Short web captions
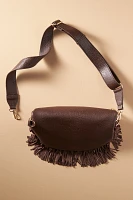 Fringe Crescent Sling Bag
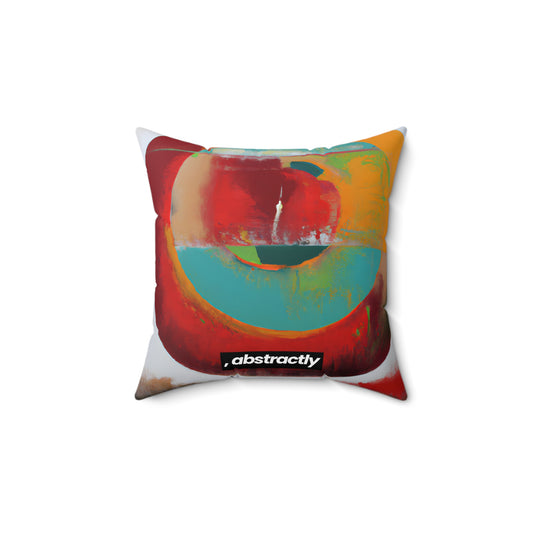 Solarium Angularite - Argon, Abstractly - Faux Suede Throw Pillow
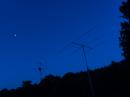 Here are the W1HH antennas again in the wee hours of the morning. We had a skeleton crew operating throughout the night.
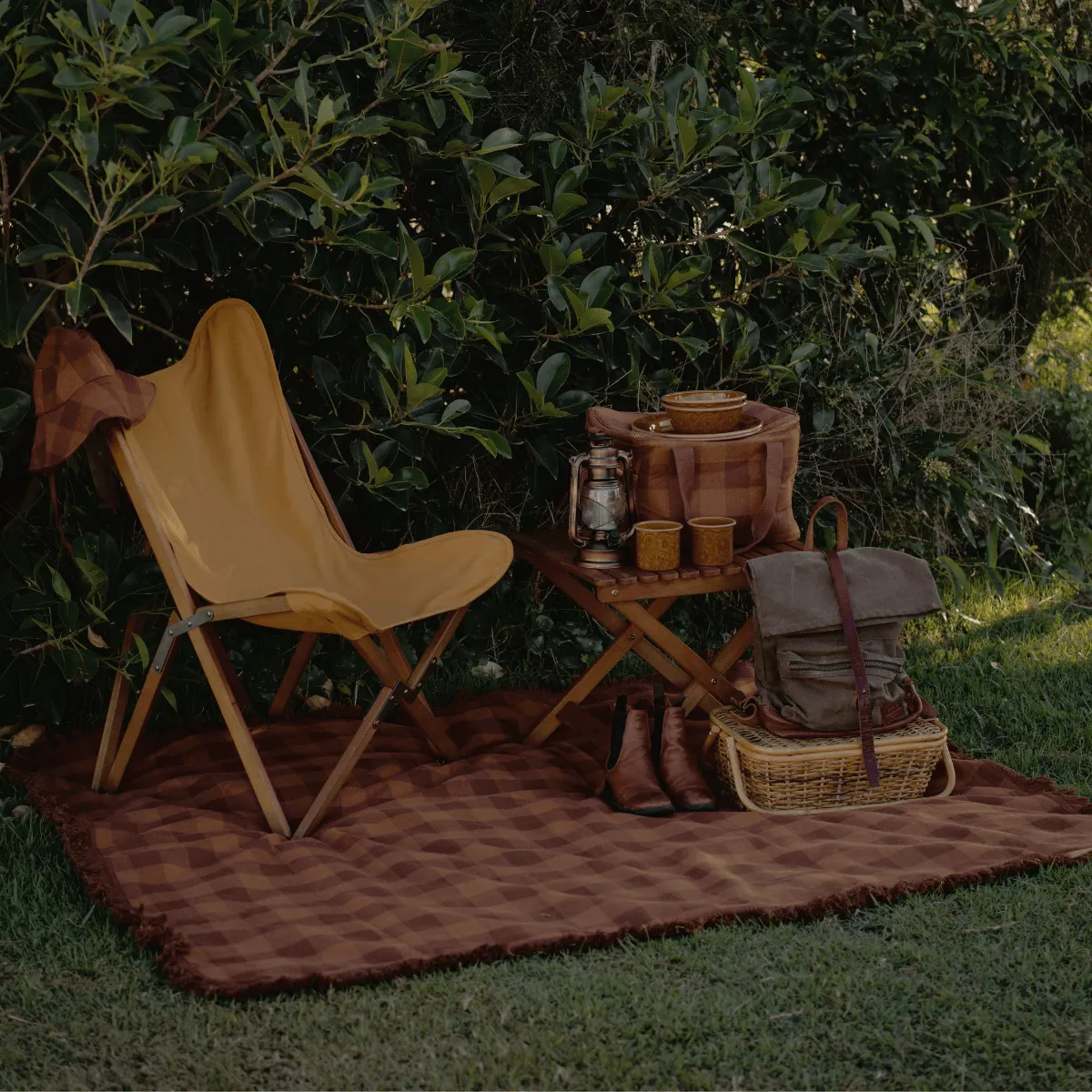 Camp Picnic Rug | Hemp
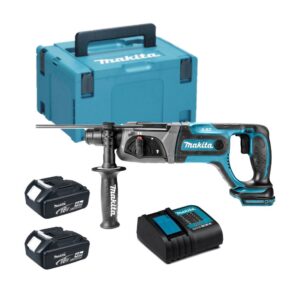 Makita DHR241RMJ Perforateur Burineur 18V Li-ion - SDS-Plus - 2X4.0Ah Batteries + chargeur en Makpac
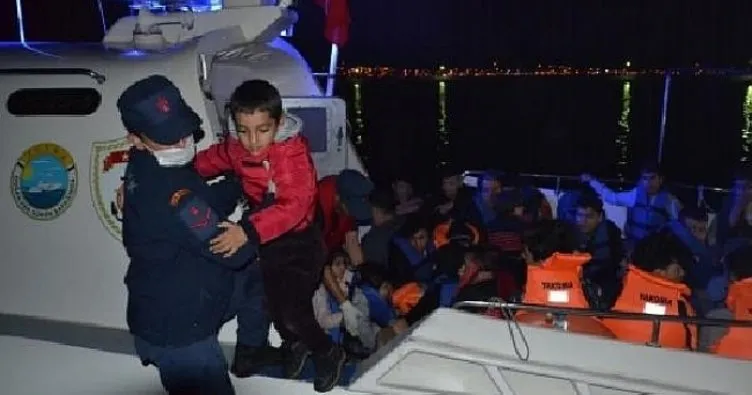 Ayvalık’ta 31 göçmen yakalandı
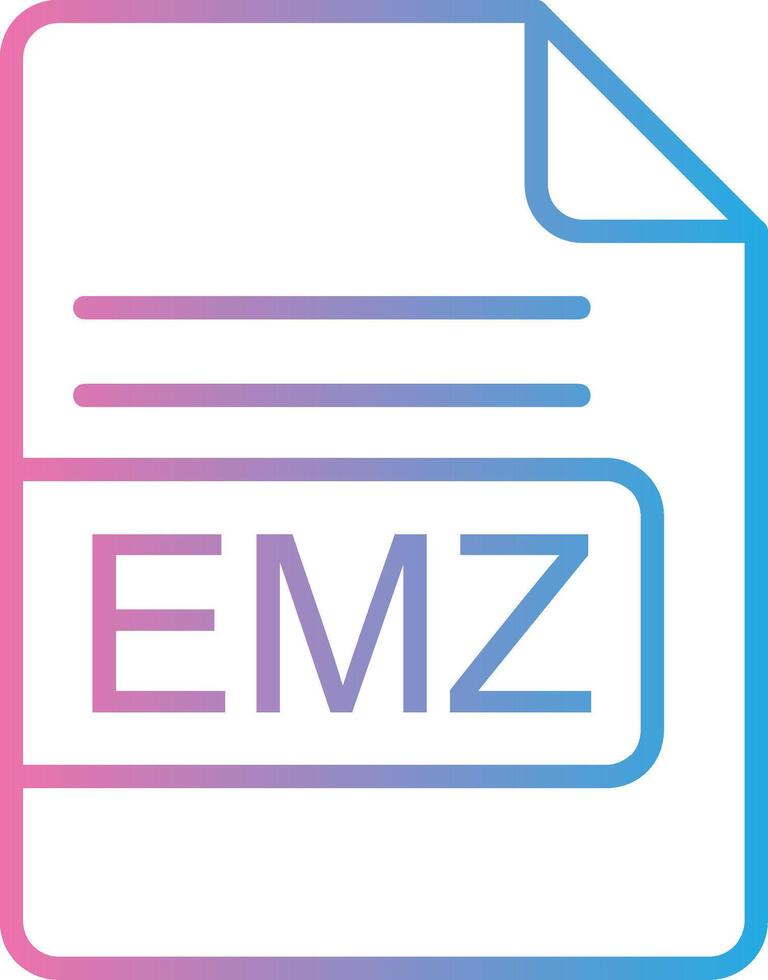 emz file formato linea pendenza icona design vettore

== About this exercise ==
Repeat each of the entries above exactly, but do not carry over the pictures.

== Solution for this task ==
 Fringe Crescent Sling Bag
 Solarium Angularite - Argon, Abstractly - Faux Suede Throw Pillow
 Here are the W1HH antennas again in the wee hours of the morning. We had a skeleton crew operating throughout the night.
 Camp Picnic Rug | Hemp
 Makita DHR241RMJ Perforateur Burineur 18V Li-ion - SDS-Plus - 2X4.0Ah Batteries + chargeur en Makpac
 Ayvalık’ta 31 göçmen yakalandı
 emz file formato linea pendenza icona design vettore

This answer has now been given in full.